*** Begin section ***
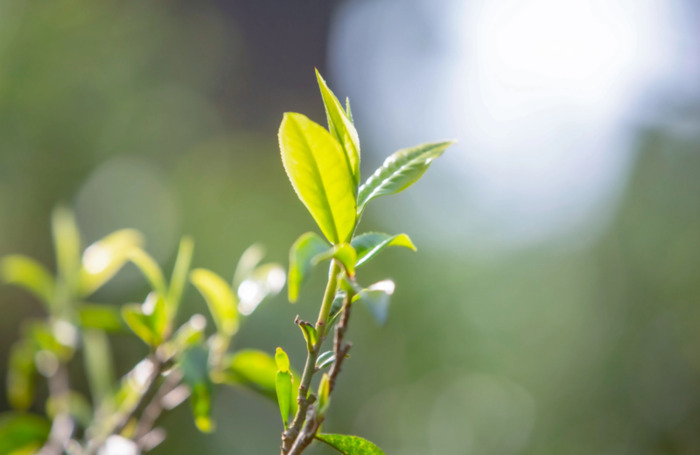 关于春茶的唯美句子【描写春茶的优美短句】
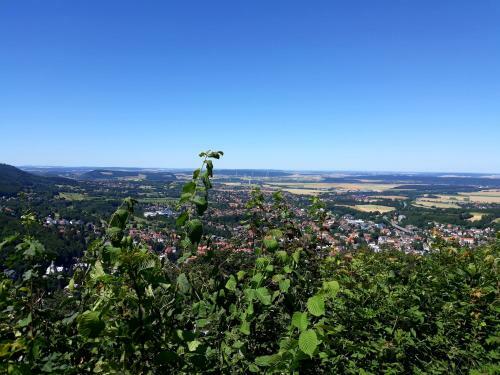 Apartamento Ferienwohnung Harzmonie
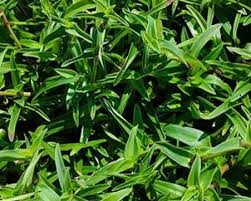 Image result for Cyanotis arachnoidea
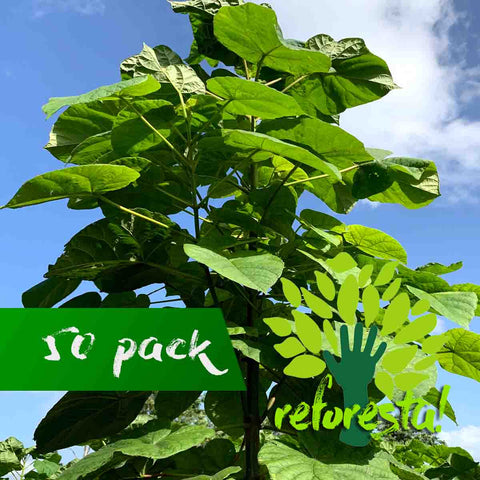 Paulownia Shantong (kiri) tree 2 meters high - pack of 50 pieces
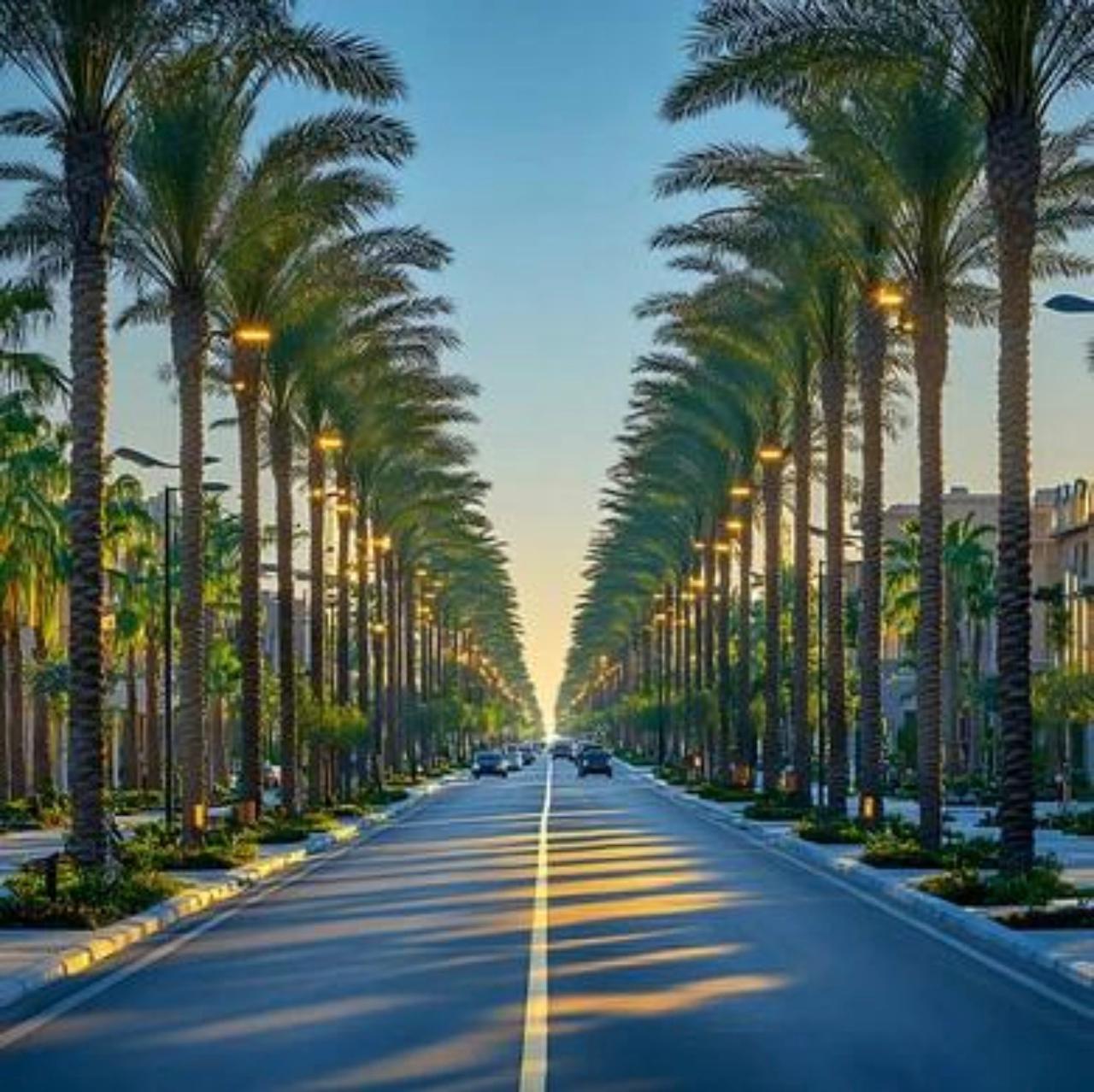 Palm Tree Landscaping Dubai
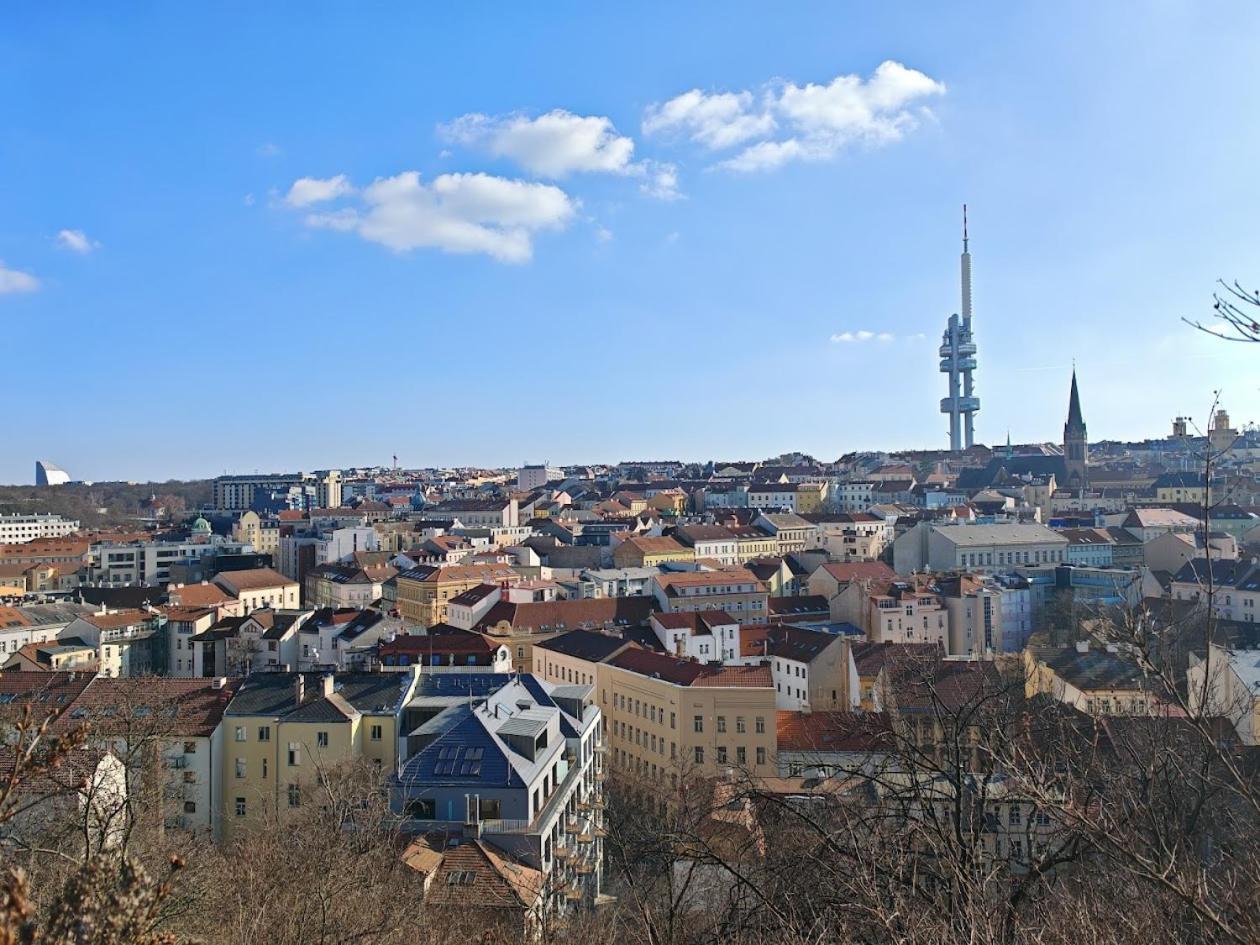 Appartement In Zizkov -504- *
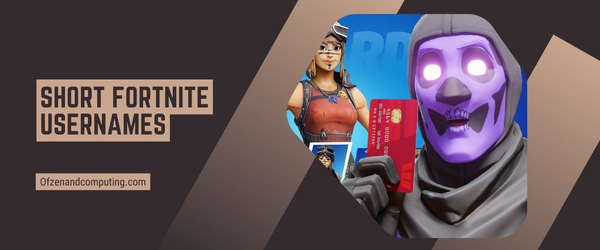 Kurze Fortnite-Benutzernamen 2024 (Benutzernamen)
*** End section ***
## Task prompt:
With the pictures excluded, transcribe word for word only the lines from the one containing "Appartement In Zizkov -504- *" through the last line of the records.

## Exercise answer:
 Appartement In Zizkov -504- *
 Kurze Fortnite-Benutzernamen 2024 (Benutzernamen)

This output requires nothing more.